Characterization of a sediment layer of concentrated fluid-solid mixtures in tilted ducts at low Reynolds numbers

Abstract

In this paper we use a continuum mixture model to solve numerically the momentum and continuity equations associated with the sedimentation dynamics of highly concentrated fluid-solid mixtures in tilted ducts at low Reynolds numbers. The set of numerical simulations include several combinations of fluid viscosity, duct angle and solid concentration of particles. This research aims to show the phenomenology and dynamics associated with the sedimentation of monodisperse particles under different physical conditions and the characterization of the final stage of the sediment layer in two kinds of inclined geometries, with and without a horizontal section. Using scaling arguments, a mathematical expression formed by three dimensionless groups including the inertial number, particle concentration and the ratio between the sedimentation Grashof number to the Reynolds number is proposed to explain the height of the sediment layer in the slope change zone of a duct.
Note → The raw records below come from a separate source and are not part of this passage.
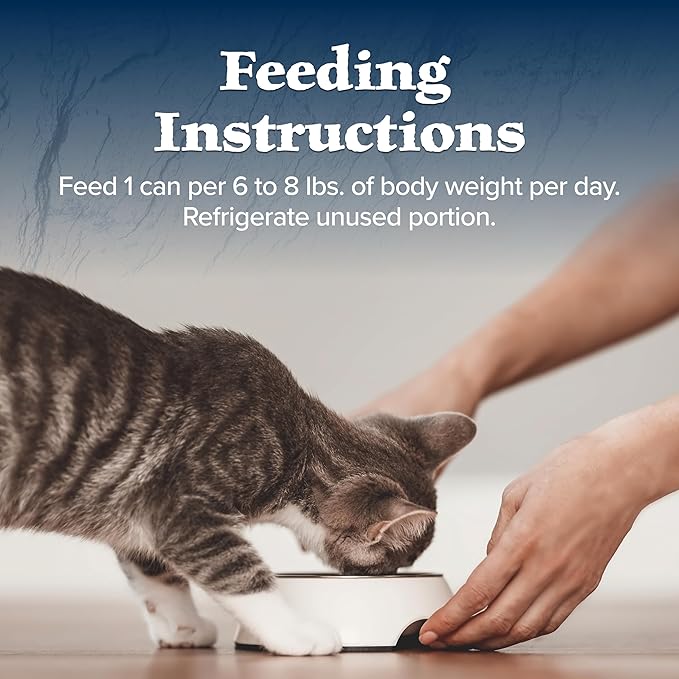 Blue Buffalo Wilderness Rocky Mountain Recipe Natural High Protein Wet Food for Adult Cats, Trout in Tasty Gravy, 5.5-oz cans, Pack of 24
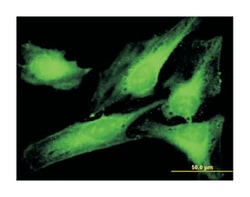 pituitary tumor-transforming 1 interacting protein, Mouse, Purified MaxPab&trade; Polyclonal Antibody, Abnova&trade;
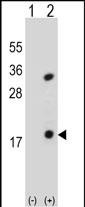 1 - PLA2G1B Antibody (C-term) AP4878b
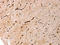 Aquaporin 1 (Colton Blood Group) antibody, CSB-PA990867, Cusabio, Immunohistochemistry paraffin image 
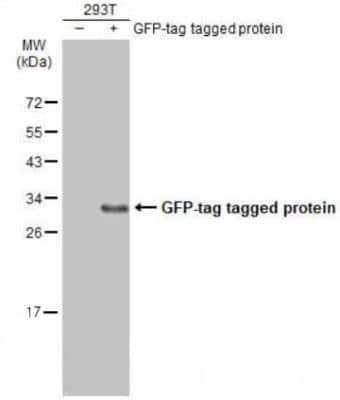 Western Blot: GFP Antibody (859) [NBP2-43575]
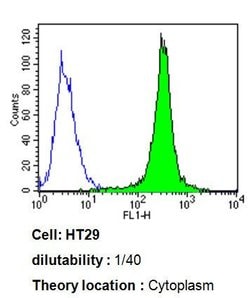 Invitrogen CYP3A7 Monoclonal Antibody (F19 P2 H2) 100 &mu;L; Unconjugated:Antibodies,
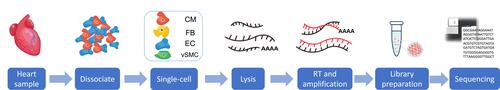 Figure 2 Experimental workflow of single-cell RNA-seq. The general experimental workflow of single-cell RNA- study begins with sample preparation. Prepared cells are captured by various single-cell methods. Reverse transcription of single-cell RNA is performed, followed by PCR amplification and library preparation of the resulting cDNA. Next-generation sequencing is performed to generate the raw reads.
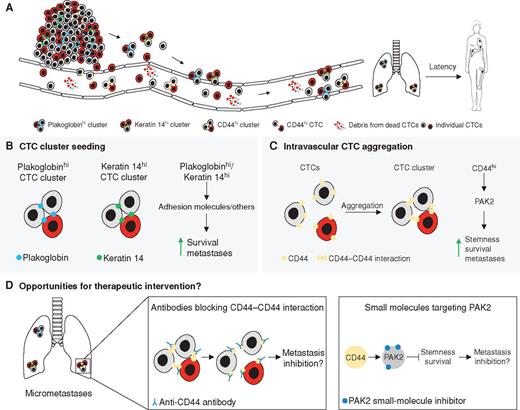 Figure 1. Circulating tumor cell clusters display enhanced metastatic fitness. A, Cancer cells can leave the primary tumor either as individual cells or as clusters, entering the circulation directly or via the lymphatic system. Spatially and temporally proximal intravasation events can lead to cluster formation also within the vasculature. Most CTCs are eliminated and do not form clinically significant metastases. However, both preformed and de novo CTC clusters have a survival advantage over individual CTCs and they display enhanced cancer stem cell phenotypes, consequently leading to more efficient metastasis formation in secondary organs. B, CTC clusters with high expression of either plakoglobin or keratin 14 can originate from collective migration or passive shedding of the primary tumor. These factors and their downstream effectors increase survival and metastatic potential. C, Individual migrating tumor cells can aggregate in the blood-forming CTC clusters in a CD44-dependent manner. CD44–CD44 homophilic interactions stabilize these CTC clusters, leading to the activation of PAK2 signaling. This improves stemness, survival, and metastatic growth of CTC clusters. D, Preventing CTC cluster formation or targeting CTC clusters in circulation is challenging due to the narrow window of therapeutic opportunity. If CD44-dependent signaling supports cancer cell clusters also at the early stages of metastatic colonization, targeting CD44–CD44 interaction with antibodies or PAK2 activation with small-molecule inhibitors could reduce the viability of disseminated CTC clusters and consequently help reduce the likelihood of clinical metastases in the adjuvant setting.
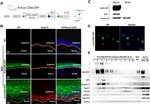 TSG101 Antibody in Western Blot (WB)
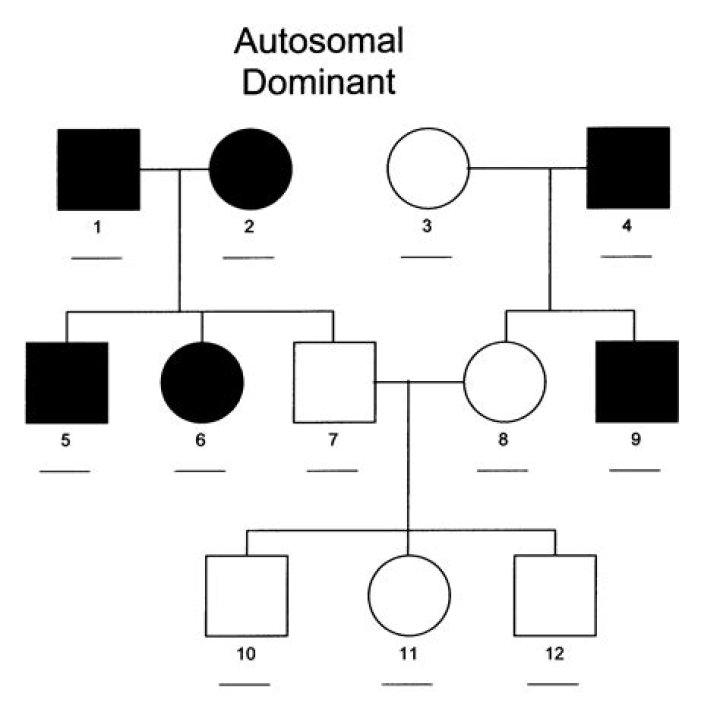 What is a single gene trait?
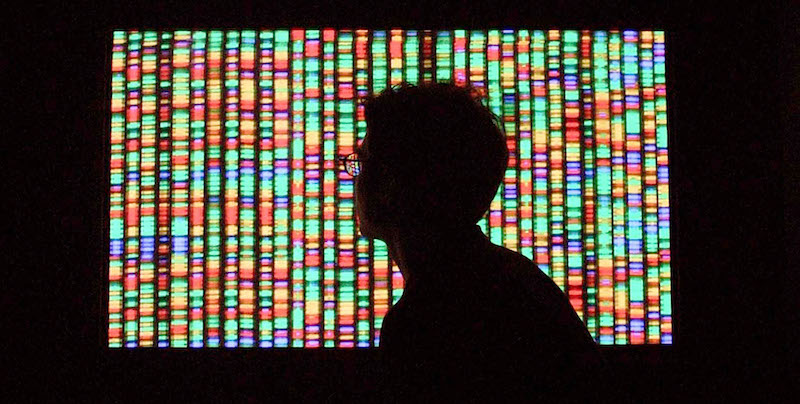 Una rappresentazione digitale del genoma umano (Mario Tama/Getty Images)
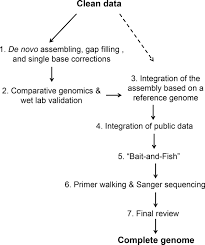 Maybe you would like to learn more about one of these? A Pipeline For Completing Bacterial Genomes Using In Silicoand Wet Lab Approaches Bmc Genomics Full Text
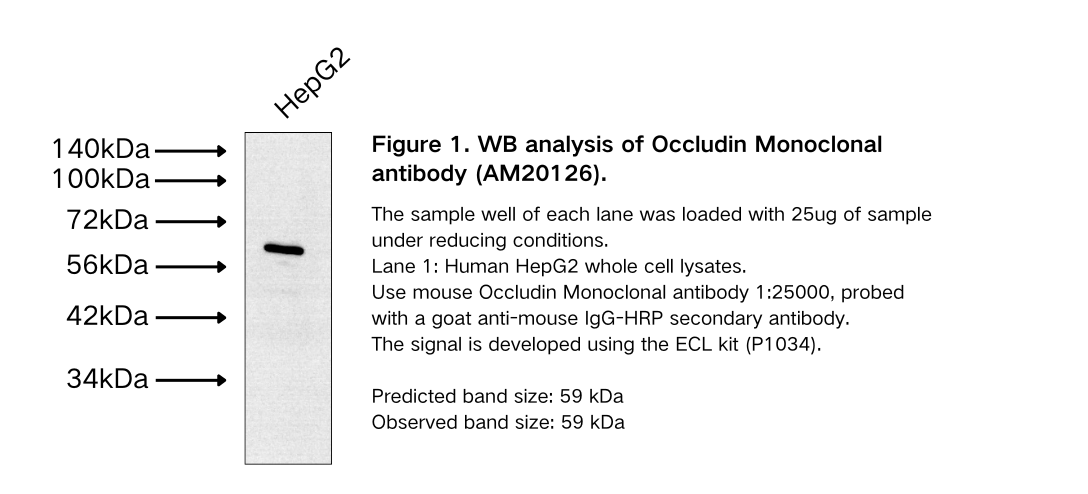 Occludin Monoclonal antibody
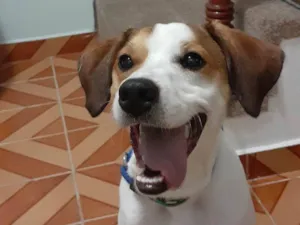 Cachorro raça SRD-ViraLata idade 1 ano nome Caju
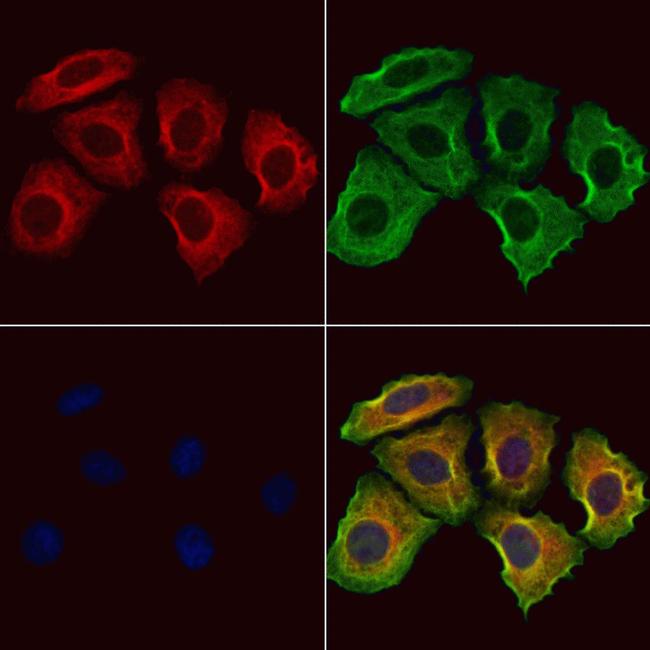 SUOX Antibody in Immunocytochemistry (ICC/IF)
Additionally, we have found that the initial particle concentration is a very relevant variable for knowing under what conditions the duct could get obstructed. In combination with some system angles, they might represent a risk of duct plug. Imposing a condition of obstruction, we have found dimensionless parameters that result in the blockage of the duct in the slope change zone. The results can be applied in the transport of fluid-solid mixtures and, in the engineering design of ducts with abrupt slope changes.